21323 0.363636363636


In [50]:
vectorizer.get_feature_names()[21323]

u'houectect'

In [52]:
for i, value in enumerate(clf.feature_importances_):
    if value > 0:
        print i, value, vectorizer.get_feature_names()[i]
        

11924 0.0248101945003 assoc
11975 0.105378579003 attach
12575 0.0262801932367 befor
14328 0.0177777777778 cgas
15212 0.0255293305728 cone
16267 0.0474074074074 deal
17248 0.0426666666667 drive
18849 0.186927243449 fax
21323 0.363636363636 houectect
22546 0.0840692099229 isda
29690 0.0755170338269 pleas


--> 'houectect' will not be removed, not a signature word (not very common)

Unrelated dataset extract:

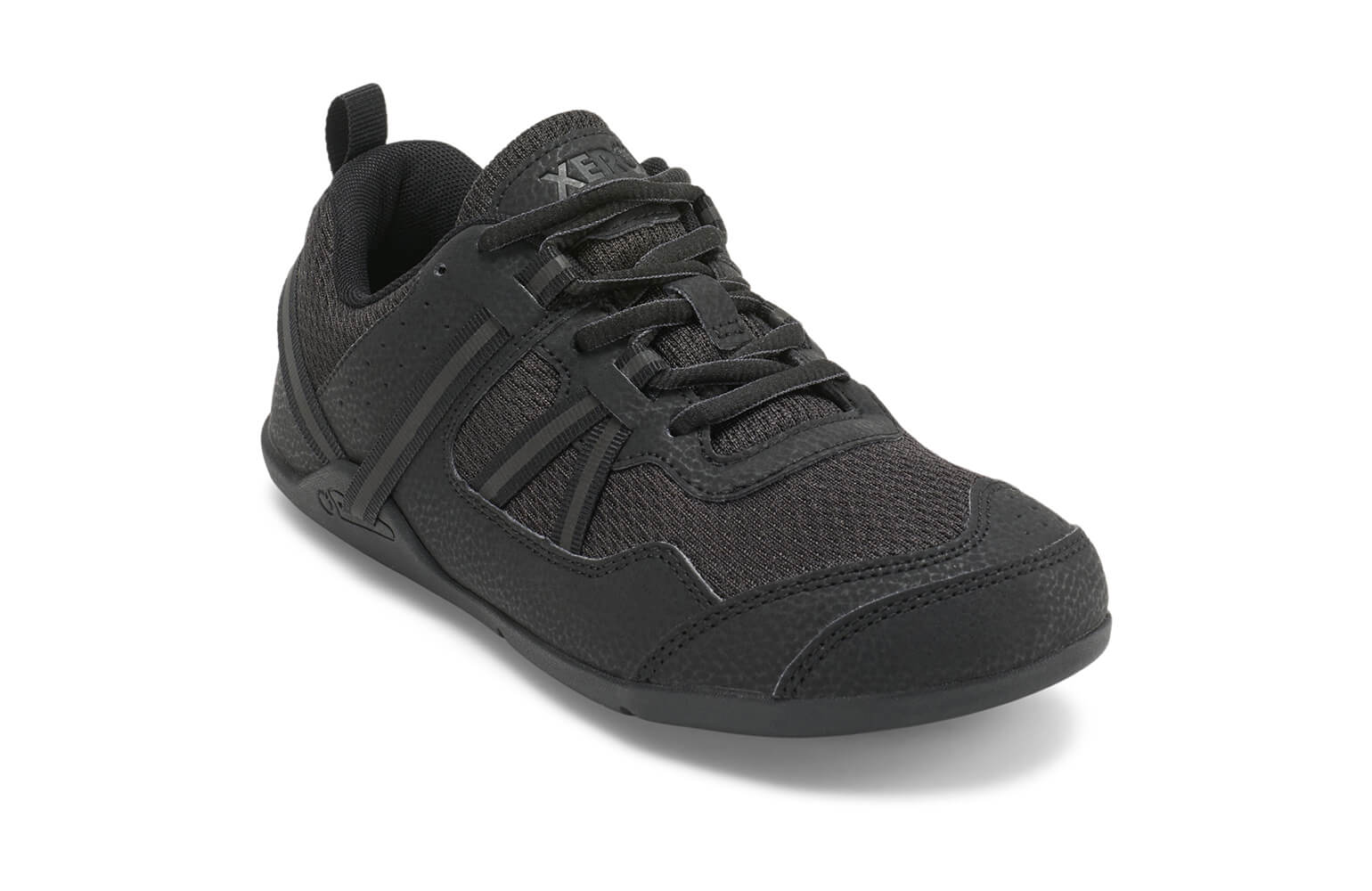 PRW-BLK_Prio_Black_AngleR_2213_WEB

### Accuracy of the overfit tree

What’s the accuracy of the decision tree now? We've removed two "signature words", so it will be more difficult for the algorithm to fit to our limited training set without overfitting. Remember, the whole point was to see if we could get the algorithm to overfit--a sensible result is one where the accuracy isn't that great!

0.81342434584755408

"Excellent work! Now that we've removed the outlier 'signature words', the training data is starting to overfit to the words that remain."